Viele der Partner zeigen sich über dieses Vorgehen verwundert. Einige haben bereits verlauten lassen, das vorgelegte zweiseitige Schreiben nicht unterschreiben zu werden. Insbesondere Telekommunikationsunternehmen oder Versandhändler legten sehr wohl einen großen Wert auf die Verbraucherbewertung der Schufa. Der Score räume die Möglichkeit ein, über potenzielle Neukunden mehr zu erfahren. Für zahlreiche Geschäftspartner hänge es demnach stark von der Bewertung ab, ob ein neuer Vertrag zustande kommt oder nicht. Lediglich Banken messen dem Score eine geringere Bedeutung bei, da sie auch aus anderen Quellen mehr über Kreditnehmer wissen. Die Schufa hat bereits angekündigt, ihre Vorgehensweise anzupassen, sollten durch das EuGH-Urteil neue Gegebenheiten vorliegen.

Update 07.12.2023: Wie hat der Europäische Gerichtshof entschieden?

Jetzt hat der Europäische Gerichtshof entschieden. Die längere Speicherung von Informationen über die Erteilung einer Restschuldbefreiung steht im Widerspruch zur Datenschutzgrundverordnung. Außerdem machten die Richter klar, dass auch das „Scoring“ nur unter bestimmten Bedingungen zulässig ist.
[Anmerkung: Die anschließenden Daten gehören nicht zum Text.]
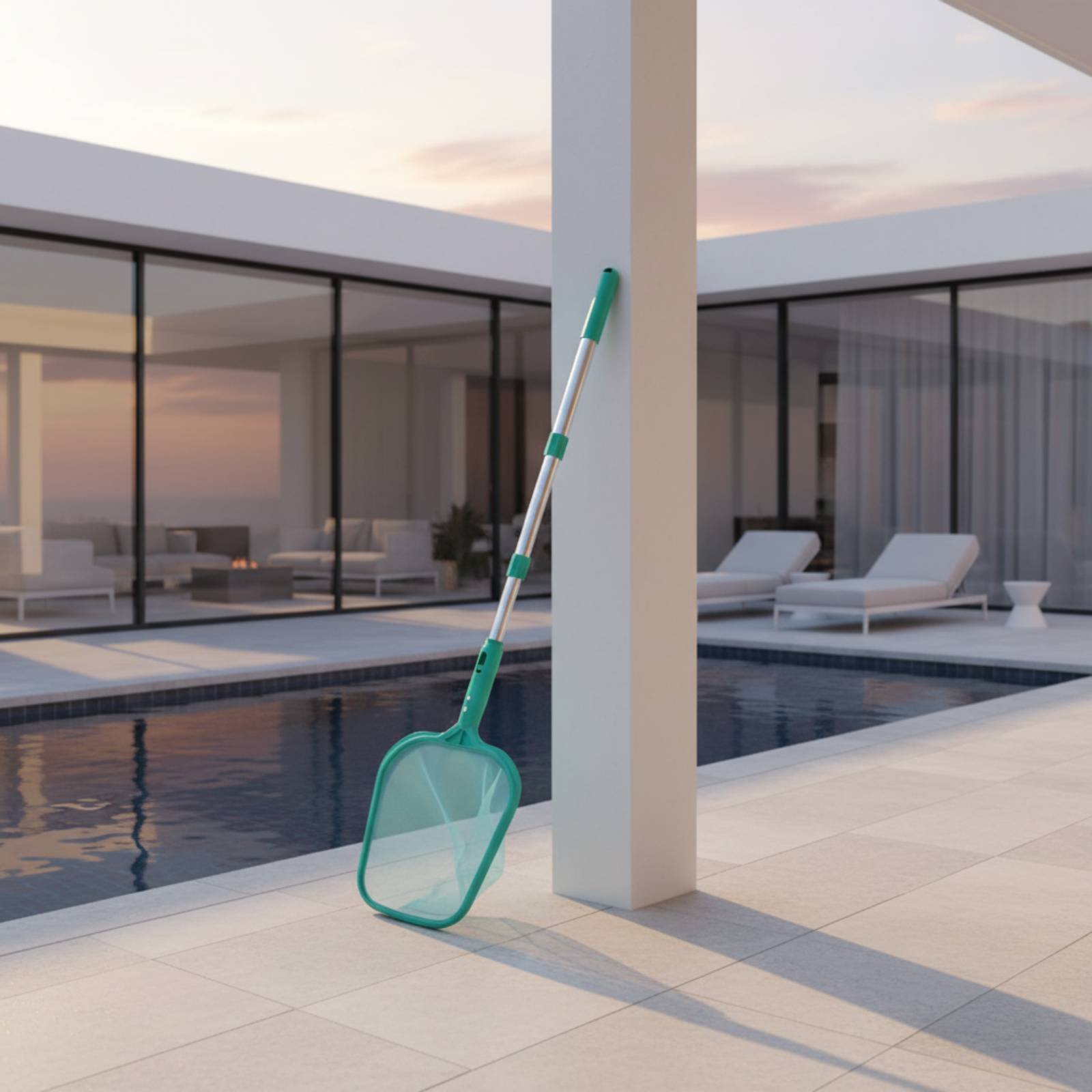 Rete per foglie da piscina con - Pool Skimmer Net recensione e prezzo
Wie wurde die Entscheidung begründet?

Im deutschen öffentlichen Insolvenzregister werden Informationen über die Erteilung einer Restschuldbefreiung lediglich für sechs Monate gespeichert. Da sich diese Informationen immer negativ auswirken, hat die betroffene Person nach Ablauf der sechs Monate ein Recht auf die Löschung der Daten. Hierdurch soll Betroffenen die Möglichkeit eingeräumt werden, wieder am Wirtschaftsleben teilzunehmen. Denn dies ist von existenzieller Bedeutung, wodurch die Interessen der betroffenen Personen den Interessen der Öffentlichkeit überwiegen. Der Europäische Gerichtshof machte deutlich, dass daher auch die Auskunftei zur Löschung verpflichtet ist, nachdem die vom Gesetzgeber vorgeschriebenen sechs Monate verstrichen sind. Bisher speicherte die Schufa solche Daten bis zu drei Jahre in ihrer Datenbank. Konkret heißt das: Speichern private Auskunfteien wie die Schufa entsprechende Daten über eine Restschuldbefreiung länger als das öffentliche Insolvenzregister, handelt es sich um einen DSGVO-Verstoß. Auch bei einer Speicherung während der sechs Monate muss ein Gericht die gegenüberstehenden Interessen zunächst abwägen. In jedem Fall haben Betroffene allerdings das Recht, einen Widerspruch gegen die Verarbeitung ihrer Daten einzulegen. Die Schufa kann die Löschung nur dann verneinen, wenn sie zwingend schutzwürdige Gründe vorlegen kann.

„Was den Wortlaut von Art. 22 Abs. 1 DSGVO angeht, so sieht diese Bestimmung vor, dass eine betroffene Person das Recht hat, nicht einer ausschließlich auf einer automatisierten Verarbeitung – einschließlich Profiling – beruhenden Entscheidung unterworfen zu werden, die ihr gegenüber rechtlicher Wirkung entfaltet oder sie in ähnlicher Weise erheblich beeinträchtigt“, heißt es unter anderem im Urteil des Europäischen Gerichtshofs.

Auch das „Scoring“ widerspricht grundsätzlich der DSGVO. Hier muss jedoch im Einzelfall entschieden werden. Dennoch macht der EuGH klar, dass es einem nationalen Gericht zusteht, eine vollständige inhaltliche Überprüfung bei jedem rechtsverbindlichen Beschluss einer Auskunftei vorzunehmen.